Als im Jahre 2006 mit Leyla der erste große Roman von Zaimoglu erscheint, erkannte jeder, das Zaimoglu mehr als nur ein Nischenschreiber ist. Seine Sprache, die Komposition und nicht zuletzt die Vermischung orientalischer und abendländlicher Aspekte in seinem Werk ließen ihn zu einem erstklassigen Romancier avancieren. Er gehört seither zu den wichtigsten, aber auch begabtesten zeitgenössischen Autoren unserer Zeit. Die lange Reise, die damals am Münchner Hauptbahnhof anfing, endete 2006 endlich. Zaimoglu war nun in der deutschen Gesellschaft angekommen.

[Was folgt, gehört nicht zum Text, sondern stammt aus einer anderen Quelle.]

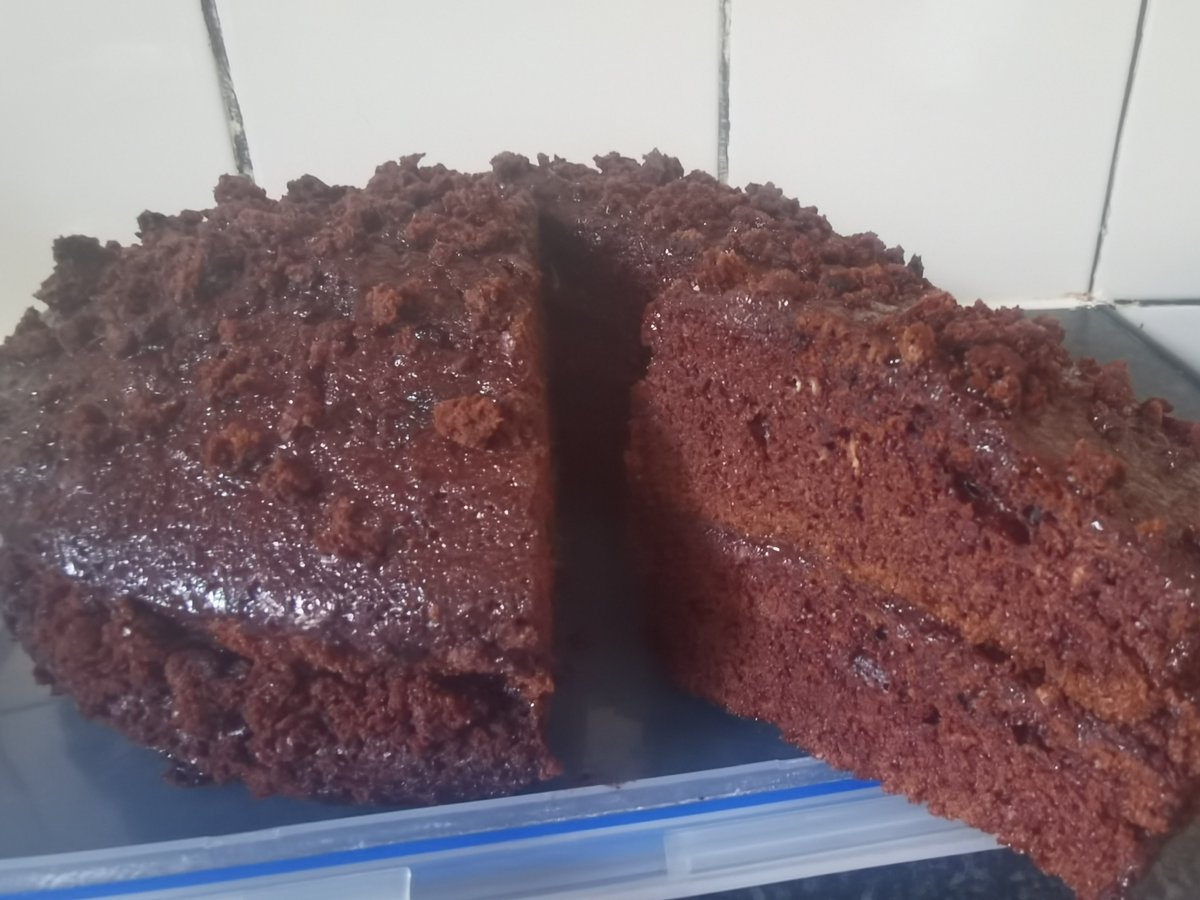 ACakes2021's tweet photo. Brooklyn blackout cake 🍫🍰

Layers of dark chocolate sponge with a rich filling of chocolate custard.

£15. https://t.co/GvzE753UoG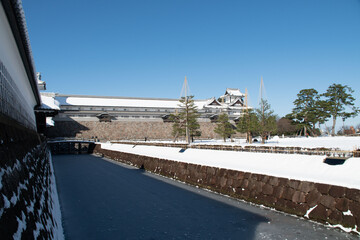 冬の金沢城
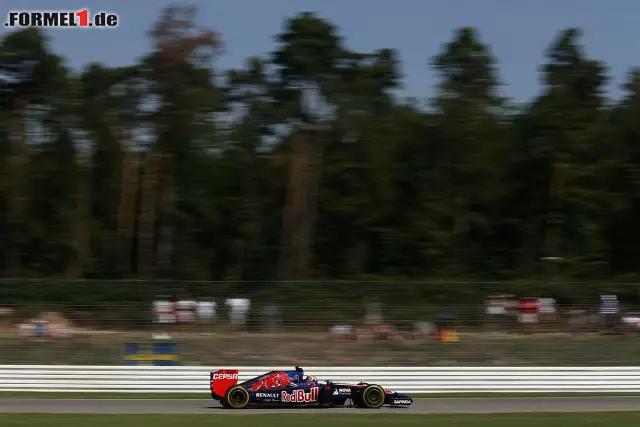 Foto zur News: Auf der achten Position folgte Daniil Kwjat im Toro Rosso (+1,425).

Aber Zaimoglu ist mehr als nur ein Romancier. Er ist auch ein sehr kritischer Denker unserer Zeit und auf keinen Fall unpolitisch. Er mischt sich in die deutsche Gesellschaft ein und will diese auch verändern. Es ist beispielsweise seiner Intervention zu verdanken, dass heute in der Islamkonferenz auch Frauen sitzen, die den Islam praktizieren. In seinen ZEIT-Kolumnen sprach er jahrelang Themen an, die den Puls der Zeit mit prägten. Sein großer Leitartikel “Mein Deutschland” zeigt die größte Besonderheit Zaimoglus, die Verbundenheit zu Deutschland.